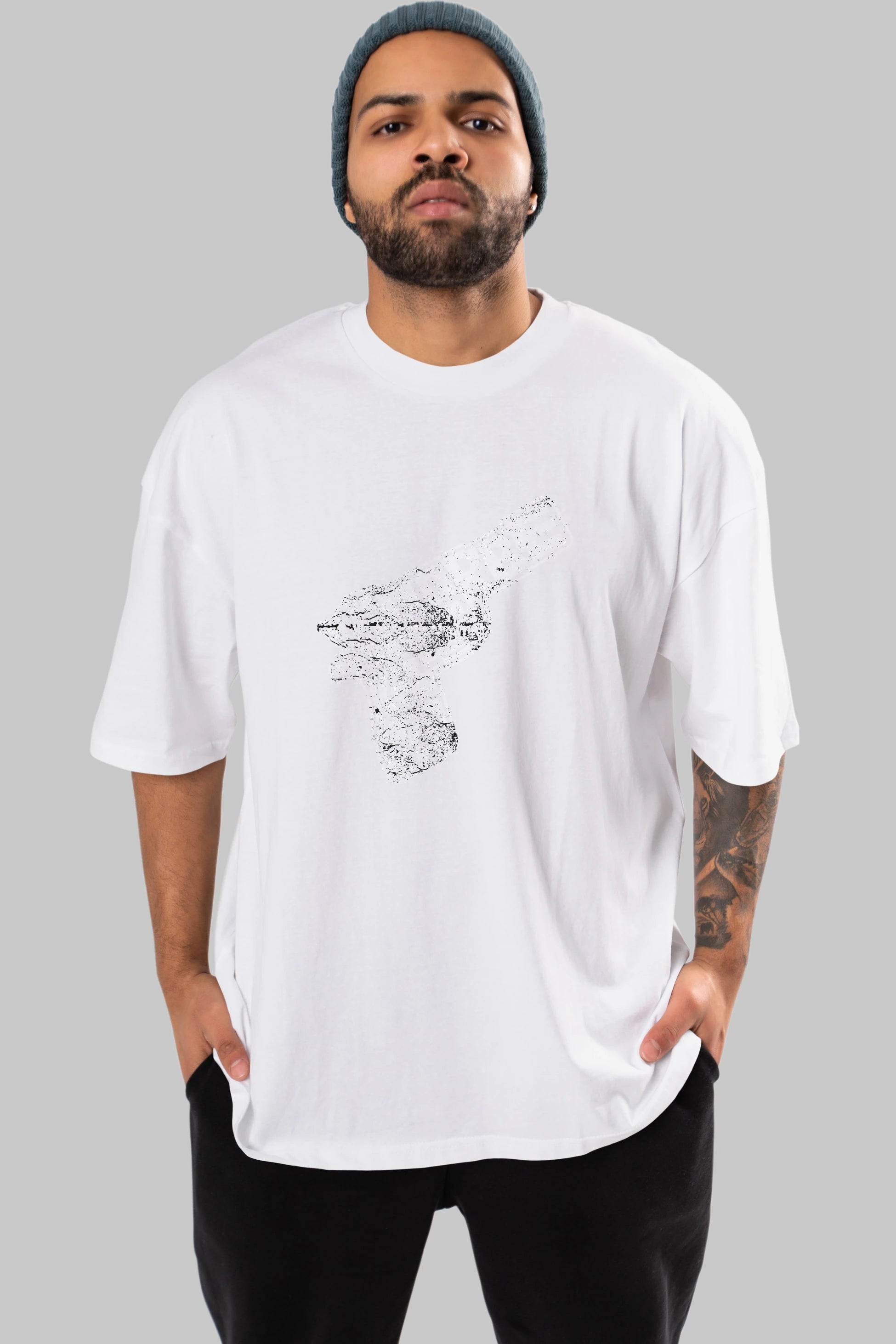 Kill Or Be Killed Ön Baskılı Oversize t-shirt %100 pamuk Erkek Kadın Unisex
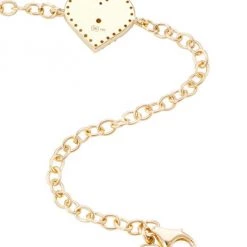 Sydney Evan 14K Yellow Gold & Diamond Small Evil-Eye Heart Charm Bracelet -Sydney Evan Online Shop unnamed file 691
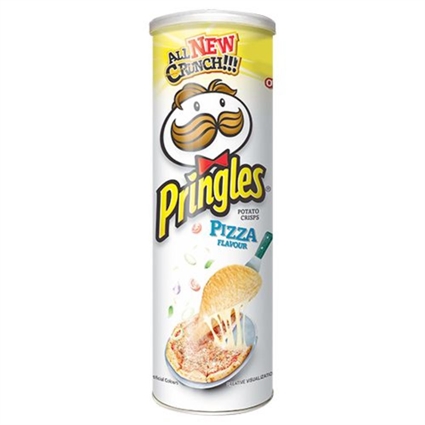 Pringles Potato Crisps – Pizza Flavour. (107.00gm)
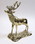 India Overseas Trading BR6360 Solid Brass Deer, Stag Figure With Base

#####

*WORK ORDER*
Please copy, exactly and only, the lines of the listing that run from the one holding "Sydney Evan 14K" through its last line, and exclude pictures.

*OUTPUT FOR THIS EXERCISE*
 Sydney Evan 14K Yellow Gold & Diamond Small Evil-Eye Heart Charm Bracelet -Sydney Evan Online Shop unnamed file 691
 Pringles Potato Crisps – Pizza Flavour. (107.00gm)
 India Overseas Trading BR6360 Solid Brass Deer, Stag Figure With Base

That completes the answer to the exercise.